Healthcare facilities nationwide are feeling the impact of climate change. Common conversations regarding preparing facilities for what lies ahead revolve around more hurricanes along the Atlantic coast and rising coastal waters everywhere. Now, add heat and HVAC considerations to the growing list of impacts many facilities will have to address.
As temperatures soared to historic highs recently, Providence Mount St. Vincent, a five-story brick building in Seattle, baked under the sun. With no central air conditioning, the nearly 100-year-old building and its 300 senior residents relied on portable AC units, fans and larger-scale cooling units borrowed from hospitals, according to The Seattle Times. Employees, already wearing face masks and shields to prevent COVID-19, wore ice-soaked cloths around their necks.

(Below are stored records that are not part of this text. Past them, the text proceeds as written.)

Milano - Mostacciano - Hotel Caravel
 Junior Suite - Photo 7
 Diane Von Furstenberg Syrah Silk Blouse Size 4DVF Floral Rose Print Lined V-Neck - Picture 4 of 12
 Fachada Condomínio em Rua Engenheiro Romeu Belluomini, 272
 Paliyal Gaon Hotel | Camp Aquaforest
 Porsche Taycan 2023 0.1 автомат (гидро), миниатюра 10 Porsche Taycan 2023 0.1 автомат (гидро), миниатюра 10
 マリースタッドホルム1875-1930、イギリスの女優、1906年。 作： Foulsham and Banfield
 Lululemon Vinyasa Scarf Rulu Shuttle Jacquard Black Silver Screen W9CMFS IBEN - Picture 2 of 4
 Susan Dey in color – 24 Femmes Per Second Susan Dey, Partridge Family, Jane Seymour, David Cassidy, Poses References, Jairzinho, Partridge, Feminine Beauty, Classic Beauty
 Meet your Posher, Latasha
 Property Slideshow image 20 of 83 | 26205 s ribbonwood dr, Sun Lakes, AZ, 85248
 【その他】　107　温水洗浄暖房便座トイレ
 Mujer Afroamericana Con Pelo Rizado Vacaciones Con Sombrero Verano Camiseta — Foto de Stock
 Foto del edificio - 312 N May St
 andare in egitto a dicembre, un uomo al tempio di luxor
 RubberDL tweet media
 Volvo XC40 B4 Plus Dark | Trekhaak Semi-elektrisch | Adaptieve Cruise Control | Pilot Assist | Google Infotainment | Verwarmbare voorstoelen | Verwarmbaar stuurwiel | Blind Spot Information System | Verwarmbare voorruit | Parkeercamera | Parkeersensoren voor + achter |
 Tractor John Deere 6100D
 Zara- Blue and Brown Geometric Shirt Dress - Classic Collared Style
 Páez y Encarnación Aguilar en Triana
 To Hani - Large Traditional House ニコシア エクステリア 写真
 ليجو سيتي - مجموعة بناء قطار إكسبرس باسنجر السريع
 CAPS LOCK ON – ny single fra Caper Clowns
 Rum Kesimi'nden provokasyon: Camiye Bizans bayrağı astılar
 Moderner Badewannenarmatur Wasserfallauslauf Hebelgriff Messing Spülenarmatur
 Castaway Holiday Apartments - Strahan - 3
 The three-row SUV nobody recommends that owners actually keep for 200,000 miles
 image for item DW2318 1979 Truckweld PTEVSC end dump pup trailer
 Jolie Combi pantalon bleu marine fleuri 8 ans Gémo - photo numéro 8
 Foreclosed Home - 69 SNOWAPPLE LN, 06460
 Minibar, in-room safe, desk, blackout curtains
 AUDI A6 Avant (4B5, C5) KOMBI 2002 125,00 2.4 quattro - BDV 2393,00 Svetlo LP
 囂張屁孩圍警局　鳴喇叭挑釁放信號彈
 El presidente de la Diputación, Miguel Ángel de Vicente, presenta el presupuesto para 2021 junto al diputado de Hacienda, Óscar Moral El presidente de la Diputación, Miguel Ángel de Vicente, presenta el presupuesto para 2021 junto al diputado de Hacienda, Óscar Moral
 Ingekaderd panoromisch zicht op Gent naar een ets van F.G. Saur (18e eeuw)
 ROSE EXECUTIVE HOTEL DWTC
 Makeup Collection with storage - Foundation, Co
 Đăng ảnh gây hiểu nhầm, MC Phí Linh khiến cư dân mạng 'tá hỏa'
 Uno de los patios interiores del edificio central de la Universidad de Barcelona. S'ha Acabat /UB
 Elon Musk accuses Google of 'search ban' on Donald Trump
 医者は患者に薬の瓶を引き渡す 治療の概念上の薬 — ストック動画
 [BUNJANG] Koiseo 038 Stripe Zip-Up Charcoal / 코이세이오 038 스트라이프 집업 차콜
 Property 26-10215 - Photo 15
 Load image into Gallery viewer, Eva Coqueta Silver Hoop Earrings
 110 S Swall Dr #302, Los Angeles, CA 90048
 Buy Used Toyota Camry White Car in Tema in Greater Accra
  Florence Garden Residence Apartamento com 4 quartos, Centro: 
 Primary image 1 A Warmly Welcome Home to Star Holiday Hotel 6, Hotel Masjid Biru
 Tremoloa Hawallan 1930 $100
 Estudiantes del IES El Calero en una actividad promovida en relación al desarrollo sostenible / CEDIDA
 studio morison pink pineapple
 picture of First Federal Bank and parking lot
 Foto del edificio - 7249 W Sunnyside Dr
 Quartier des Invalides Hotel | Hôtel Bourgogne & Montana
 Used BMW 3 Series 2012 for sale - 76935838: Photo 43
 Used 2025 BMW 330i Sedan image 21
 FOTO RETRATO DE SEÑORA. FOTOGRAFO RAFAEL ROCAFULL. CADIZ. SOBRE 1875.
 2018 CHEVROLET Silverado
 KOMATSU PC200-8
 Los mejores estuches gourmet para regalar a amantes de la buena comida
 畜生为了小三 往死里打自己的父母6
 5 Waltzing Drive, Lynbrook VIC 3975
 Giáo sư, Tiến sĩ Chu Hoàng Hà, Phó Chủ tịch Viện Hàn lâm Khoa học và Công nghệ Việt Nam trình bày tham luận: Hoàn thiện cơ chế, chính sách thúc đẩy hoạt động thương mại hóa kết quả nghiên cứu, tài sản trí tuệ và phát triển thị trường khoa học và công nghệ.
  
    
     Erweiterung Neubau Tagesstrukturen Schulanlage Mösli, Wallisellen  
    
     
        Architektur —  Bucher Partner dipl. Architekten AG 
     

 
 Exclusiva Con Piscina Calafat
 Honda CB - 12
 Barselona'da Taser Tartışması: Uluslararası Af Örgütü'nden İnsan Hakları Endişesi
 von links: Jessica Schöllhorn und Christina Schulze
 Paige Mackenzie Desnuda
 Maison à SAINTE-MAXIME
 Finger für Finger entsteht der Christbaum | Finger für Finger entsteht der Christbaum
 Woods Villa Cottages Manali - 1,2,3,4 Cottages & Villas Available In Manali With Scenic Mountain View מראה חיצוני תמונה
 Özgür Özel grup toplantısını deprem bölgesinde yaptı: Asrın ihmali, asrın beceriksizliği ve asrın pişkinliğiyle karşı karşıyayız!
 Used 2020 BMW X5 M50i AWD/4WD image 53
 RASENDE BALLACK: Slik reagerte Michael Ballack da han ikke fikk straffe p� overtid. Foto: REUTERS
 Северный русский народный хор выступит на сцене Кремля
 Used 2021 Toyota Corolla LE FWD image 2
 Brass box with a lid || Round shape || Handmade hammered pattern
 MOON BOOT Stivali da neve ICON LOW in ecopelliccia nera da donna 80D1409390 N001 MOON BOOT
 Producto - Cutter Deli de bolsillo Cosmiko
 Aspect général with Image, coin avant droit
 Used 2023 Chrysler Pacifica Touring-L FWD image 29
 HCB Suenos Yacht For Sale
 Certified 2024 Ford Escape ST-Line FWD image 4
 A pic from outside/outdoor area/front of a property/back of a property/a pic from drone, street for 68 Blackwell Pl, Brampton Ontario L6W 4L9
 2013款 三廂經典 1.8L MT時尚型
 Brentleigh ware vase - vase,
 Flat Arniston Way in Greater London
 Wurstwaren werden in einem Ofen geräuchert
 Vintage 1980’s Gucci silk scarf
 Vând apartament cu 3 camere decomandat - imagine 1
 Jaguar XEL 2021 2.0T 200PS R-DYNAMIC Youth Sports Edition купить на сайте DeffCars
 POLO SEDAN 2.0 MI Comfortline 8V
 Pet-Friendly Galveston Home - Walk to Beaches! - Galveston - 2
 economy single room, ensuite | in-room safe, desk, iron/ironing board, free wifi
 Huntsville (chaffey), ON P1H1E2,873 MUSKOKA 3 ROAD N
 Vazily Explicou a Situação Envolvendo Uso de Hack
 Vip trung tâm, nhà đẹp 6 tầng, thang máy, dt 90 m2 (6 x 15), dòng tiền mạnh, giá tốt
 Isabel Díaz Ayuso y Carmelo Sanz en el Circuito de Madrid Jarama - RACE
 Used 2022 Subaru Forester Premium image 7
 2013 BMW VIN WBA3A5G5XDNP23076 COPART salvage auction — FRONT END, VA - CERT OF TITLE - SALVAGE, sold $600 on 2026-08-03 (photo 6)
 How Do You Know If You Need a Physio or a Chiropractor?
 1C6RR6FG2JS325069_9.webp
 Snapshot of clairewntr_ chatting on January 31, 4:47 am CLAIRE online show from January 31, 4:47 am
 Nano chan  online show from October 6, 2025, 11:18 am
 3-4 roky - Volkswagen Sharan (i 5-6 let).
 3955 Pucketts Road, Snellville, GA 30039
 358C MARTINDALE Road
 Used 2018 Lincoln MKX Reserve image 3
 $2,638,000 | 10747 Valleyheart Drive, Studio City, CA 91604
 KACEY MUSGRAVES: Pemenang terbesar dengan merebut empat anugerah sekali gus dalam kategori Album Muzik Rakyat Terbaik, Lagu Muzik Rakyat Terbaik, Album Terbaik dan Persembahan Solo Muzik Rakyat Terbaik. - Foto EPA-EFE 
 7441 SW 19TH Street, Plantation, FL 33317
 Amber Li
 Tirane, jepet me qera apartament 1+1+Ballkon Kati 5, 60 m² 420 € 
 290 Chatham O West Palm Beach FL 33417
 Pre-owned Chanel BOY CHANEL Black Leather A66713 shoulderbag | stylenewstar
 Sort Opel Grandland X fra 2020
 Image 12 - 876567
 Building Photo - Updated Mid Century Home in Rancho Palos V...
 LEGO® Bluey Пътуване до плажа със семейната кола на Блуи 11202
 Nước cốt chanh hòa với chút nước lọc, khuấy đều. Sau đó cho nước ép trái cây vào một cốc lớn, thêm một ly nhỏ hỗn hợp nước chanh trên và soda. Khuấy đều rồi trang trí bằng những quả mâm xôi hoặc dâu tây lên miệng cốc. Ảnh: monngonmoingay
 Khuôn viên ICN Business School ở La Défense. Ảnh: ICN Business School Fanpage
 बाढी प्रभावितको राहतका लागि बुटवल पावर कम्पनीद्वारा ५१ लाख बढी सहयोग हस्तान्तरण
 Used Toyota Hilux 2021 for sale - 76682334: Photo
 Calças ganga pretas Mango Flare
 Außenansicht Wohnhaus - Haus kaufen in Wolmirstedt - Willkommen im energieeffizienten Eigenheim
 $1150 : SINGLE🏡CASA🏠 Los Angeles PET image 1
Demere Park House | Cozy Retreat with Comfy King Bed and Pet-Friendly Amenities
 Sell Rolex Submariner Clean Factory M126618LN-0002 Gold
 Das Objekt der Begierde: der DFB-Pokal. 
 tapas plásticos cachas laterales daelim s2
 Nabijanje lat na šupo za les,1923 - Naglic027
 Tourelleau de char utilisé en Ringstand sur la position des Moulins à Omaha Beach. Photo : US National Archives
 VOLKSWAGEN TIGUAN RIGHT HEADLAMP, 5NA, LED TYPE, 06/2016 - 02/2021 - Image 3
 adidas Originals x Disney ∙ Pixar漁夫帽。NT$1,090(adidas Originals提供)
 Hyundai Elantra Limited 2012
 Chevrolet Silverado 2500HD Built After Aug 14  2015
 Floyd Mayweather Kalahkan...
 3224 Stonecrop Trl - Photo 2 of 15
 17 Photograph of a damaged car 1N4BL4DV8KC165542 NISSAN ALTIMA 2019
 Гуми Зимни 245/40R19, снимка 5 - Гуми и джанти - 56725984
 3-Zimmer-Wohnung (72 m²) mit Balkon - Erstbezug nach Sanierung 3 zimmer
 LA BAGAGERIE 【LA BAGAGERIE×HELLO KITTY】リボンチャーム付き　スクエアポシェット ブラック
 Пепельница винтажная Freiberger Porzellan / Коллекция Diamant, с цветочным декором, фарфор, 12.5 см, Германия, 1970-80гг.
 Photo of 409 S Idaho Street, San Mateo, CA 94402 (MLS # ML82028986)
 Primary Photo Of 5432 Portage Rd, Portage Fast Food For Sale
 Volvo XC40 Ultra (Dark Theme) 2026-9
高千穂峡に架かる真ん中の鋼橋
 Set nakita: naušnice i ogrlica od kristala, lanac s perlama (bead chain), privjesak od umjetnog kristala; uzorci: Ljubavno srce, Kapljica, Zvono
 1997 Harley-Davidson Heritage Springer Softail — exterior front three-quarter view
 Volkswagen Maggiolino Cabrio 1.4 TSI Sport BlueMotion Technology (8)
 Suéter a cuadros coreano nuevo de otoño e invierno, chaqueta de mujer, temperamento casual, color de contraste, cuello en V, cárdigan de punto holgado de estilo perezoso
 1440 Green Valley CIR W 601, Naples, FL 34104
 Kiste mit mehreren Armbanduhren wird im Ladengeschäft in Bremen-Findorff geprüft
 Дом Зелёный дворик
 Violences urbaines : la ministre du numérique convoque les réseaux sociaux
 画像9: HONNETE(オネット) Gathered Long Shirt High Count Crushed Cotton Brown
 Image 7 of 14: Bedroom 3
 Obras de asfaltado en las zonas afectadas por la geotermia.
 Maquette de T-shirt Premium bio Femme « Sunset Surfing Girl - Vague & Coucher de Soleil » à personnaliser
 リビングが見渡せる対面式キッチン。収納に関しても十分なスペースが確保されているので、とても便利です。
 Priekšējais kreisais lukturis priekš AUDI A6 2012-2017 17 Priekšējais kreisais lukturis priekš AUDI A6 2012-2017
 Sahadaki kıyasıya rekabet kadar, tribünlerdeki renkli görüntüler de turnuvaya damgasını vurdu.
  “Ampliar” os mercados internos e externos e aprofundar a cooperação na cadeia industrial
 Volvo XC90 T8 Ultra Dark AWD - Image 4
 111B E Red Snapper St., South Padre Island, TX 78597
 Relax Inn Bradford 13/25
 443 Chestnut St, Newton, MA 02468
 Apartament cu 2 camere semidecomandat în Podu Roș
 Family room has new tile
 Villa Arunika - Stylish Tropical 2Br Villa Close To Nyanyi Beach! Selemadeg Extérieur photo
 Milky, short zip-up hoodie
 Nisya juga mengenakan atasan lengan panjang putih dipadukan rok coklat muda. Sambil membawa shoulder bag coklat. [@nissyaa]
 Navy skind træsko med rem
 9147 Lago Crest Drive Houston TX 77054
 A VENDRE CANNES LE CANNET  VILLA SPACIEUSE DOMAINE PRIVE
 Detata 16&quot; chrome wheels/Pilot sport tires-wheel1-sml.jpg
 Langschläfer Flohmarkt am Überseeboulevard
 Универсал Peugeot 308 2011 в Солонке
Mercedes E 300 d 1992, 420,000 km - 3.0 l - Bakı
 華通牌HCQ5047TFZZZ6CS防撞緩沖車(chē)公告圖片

The heat wave brought the hottest days ever recorded in Seattle. For the state’s approximately 4,000 long-term care facilities — which must comply with varying state regulations for cooling — the extreme temperatures underscored the need for air conditioning in the future, when experts say more heat waves should be expected as a result of climate change.
Nursing homes built after 2000 must have air conditioning, according to the state’s Department of Social and Health Services. But many were built before 2000, and their operators struggle to generate the capital funds needed to repair or upgrade HVAC systems.